» Material for this exercise
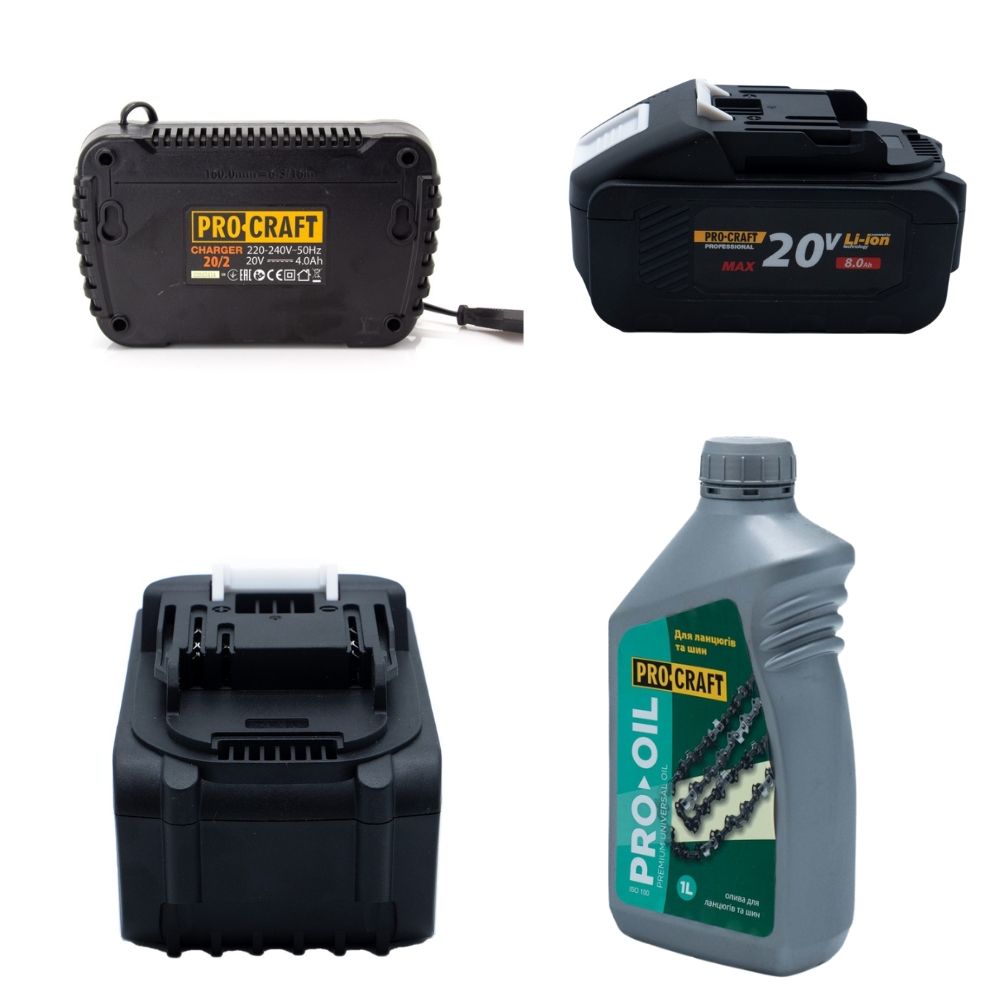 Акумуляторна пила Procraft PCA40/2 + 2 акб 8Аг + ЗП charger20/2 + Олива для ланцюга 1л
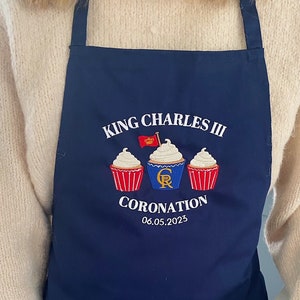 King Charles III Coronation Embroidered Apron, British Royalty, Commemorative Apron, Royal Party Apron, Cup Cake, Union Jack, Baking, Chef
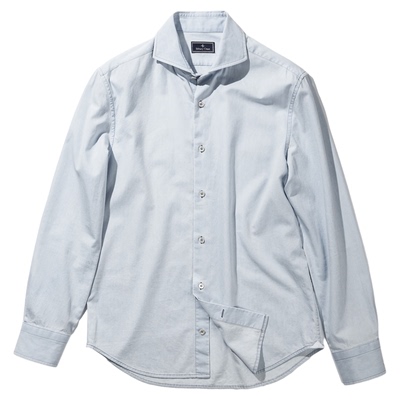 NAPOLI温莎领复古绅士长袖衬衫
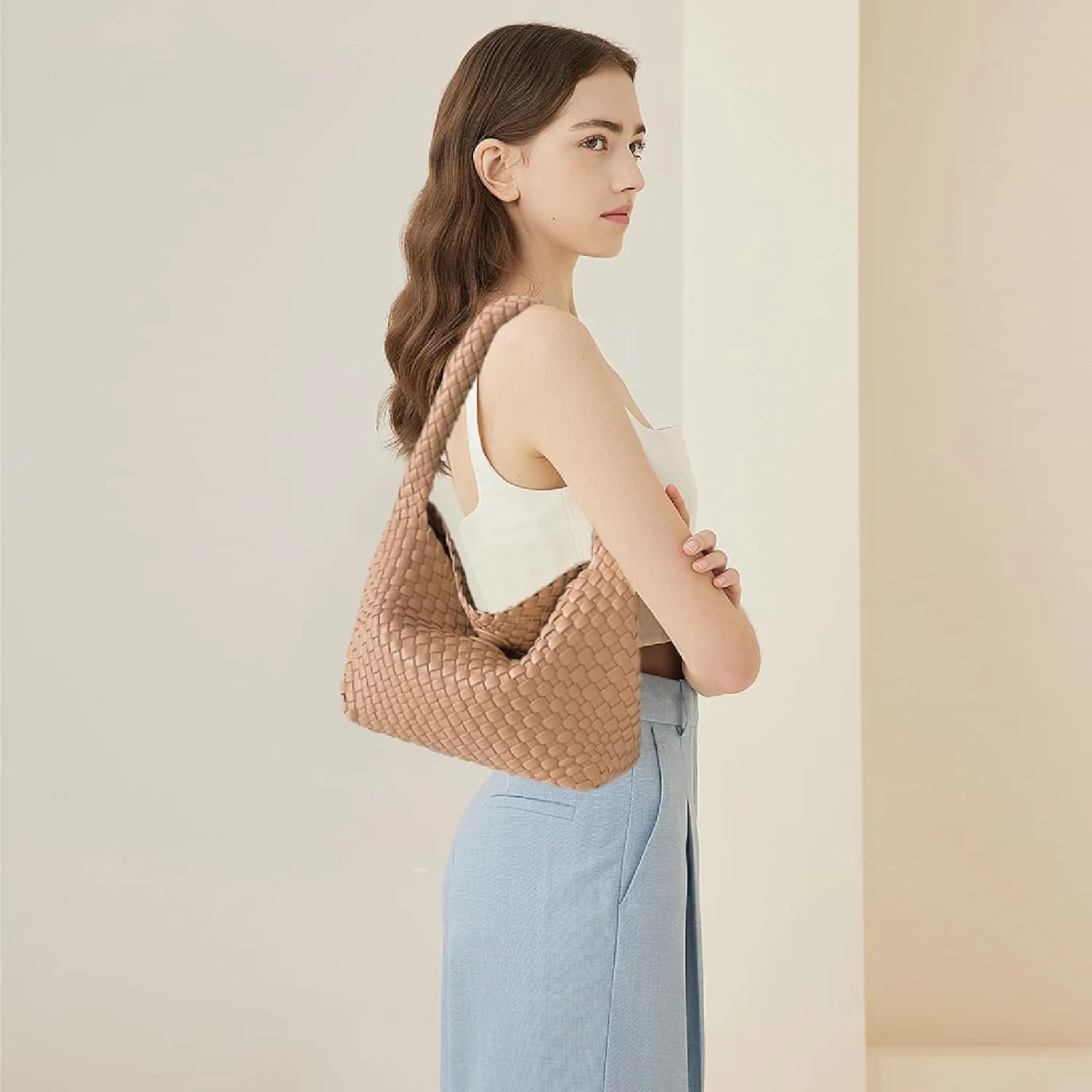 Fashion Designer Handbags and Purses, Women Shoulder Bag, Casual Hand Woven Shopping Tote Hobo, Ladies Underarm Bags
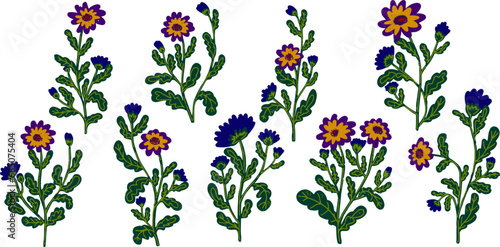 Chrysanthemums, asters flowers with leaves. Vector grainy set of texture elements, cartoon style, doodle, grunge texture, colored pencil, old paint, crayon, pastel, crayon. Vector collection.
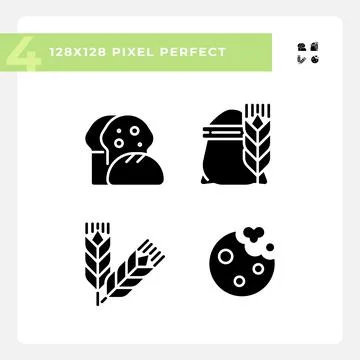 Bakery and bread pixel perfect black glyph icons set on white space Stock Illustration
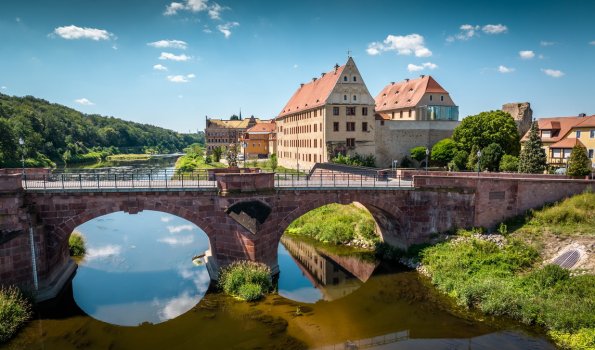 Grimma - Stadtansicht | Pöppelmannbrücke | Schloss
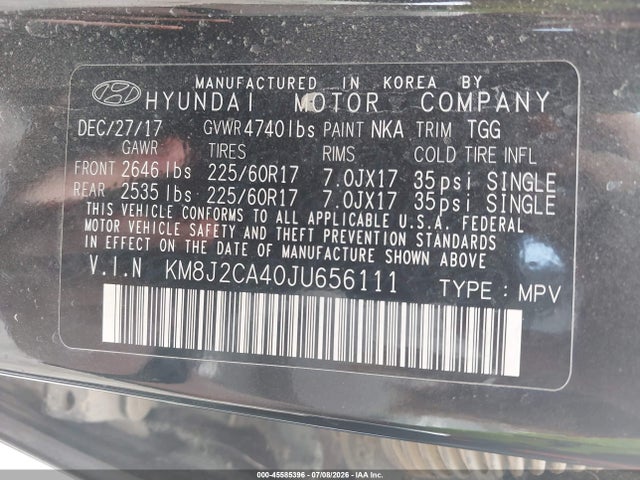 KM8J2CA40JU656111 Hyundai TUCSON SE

» What the task requires
Each entry above should be copied exactly. The pictures should not.

» Exercise response
 Акумуляторна пила Procraft PCA40/2 + 2 акб 8Аг + ЗП charger20/2 + Олива для ланцюга 1л
 King Charles III Coronation Embroidered Apron, British Royalty, Commemorative Apron, Royal Party Apron, Cup Cake, Union Jack, Baking, Chef
 NAPOLI温莎领复古绅士长袖衬衫
 Fashion Designer Handbags and Purses, Women Shoulder Bag, Casual Hand Woven Shopping Tote Hobo, Ladies Underarm Bags
 Chrysanthemums, asters flowers with leaves. Vector grainy set of texture elements, cartoon style, doodle, grunge texture, colored pencil, old paint, crayon, pastel, crayon. Vector collection.
 Bakery and bread pixel perfect black glyph icons set on white space Stock Illustration
 Grimma - Stadtansicht | Pöppelmannbrücke | Schloss
 KM8J2CA40JU656111 Hyundai TUCSON SE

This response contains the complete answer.